Bach: Sonatas
Plamena Nikitassova & Peter Waldner
Musik Museum 46, CD13045. 74’30

This recording is one of a series produced by the Tiroler Landesmuseum Ferdinandeum in Innsbruck. Although the title is just ‘Sonaten’, the programme is actually a selection of Violin Sonatas, three with obligato harpsichord (BWV 1016, 1017 & 1019), one for solo violin (BWV 1005) and an arrangement, possibly by Bach, of the first movement of that solo sonata for harpsichord (BWV 968).
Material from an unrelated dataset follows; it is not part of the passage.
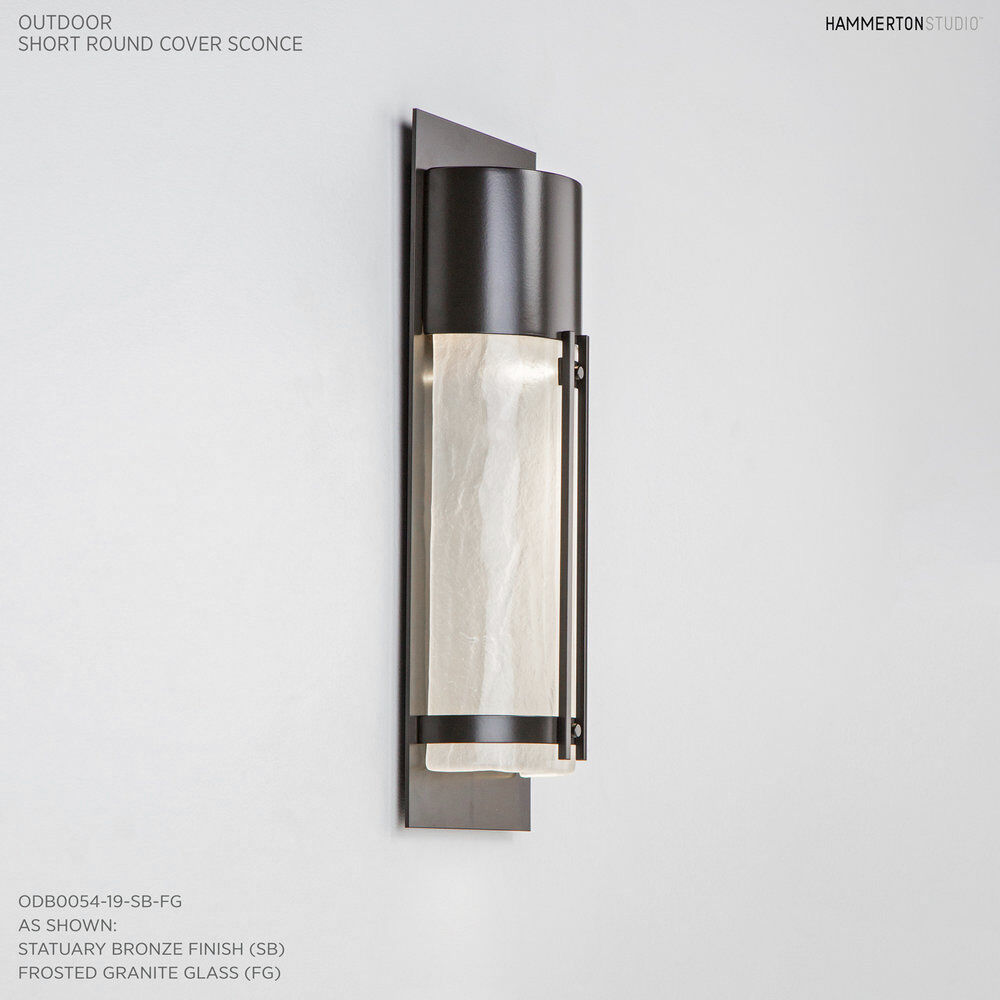 Outdoor Round Motif 1 Light 26 inch Statuary Bronze Outdoor Sconce in GU10 Halogen, Frosted Granite, Medium Round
Plamena Nikitassova plays the c1676 Jakob Stainer ‘Diabelli’violin owned by the Landesmuseum, named after a previous owner. Stainer was a local violin maker, but was known well beyond the Tyrol, including by Bach and his circle. Unfortunately, the 19th-century alterations to the violin have not been changed, although gut strings were used for this recording and do help to make the sound a little more authentic. The playing of Plamena Nikitassova, however, is splendidly authentic. Although initially trained in modern violin, she moved into the world of early music. Her use of articulation and sensitive phrasing is exemplary.
Peter Waldner plays a 2006 copy of the so-called “Bach harpsichord” by Johann Heinrich Harraß in the Berlin Musikinstrumenten-Museum. It is thought that Bach owned, or had access to, a harpsichord by Harrass and that it included a 16’ stop. it is very much open to conjecture as to when, and if, he ever used such a stop and, if so, in what circumstances. I suggested they would not have been the two occasions when it is used on this recording. The solo Adagio from BWV 968 (an arrangement of the solo violin movement heard on track 5)) is played in a particularly bombastic mood, as was the extended harpsichord solo in the middle of BWV 1019. That is given an extraordinarily powerful reading by Waldner, and seems particularly out of place amongst the surrounding more delicate movements.
The recording was made in the church of the Seminary of the Diocese of Innsbruck and Feldkirch in Innsbruck – an attractive acoustic.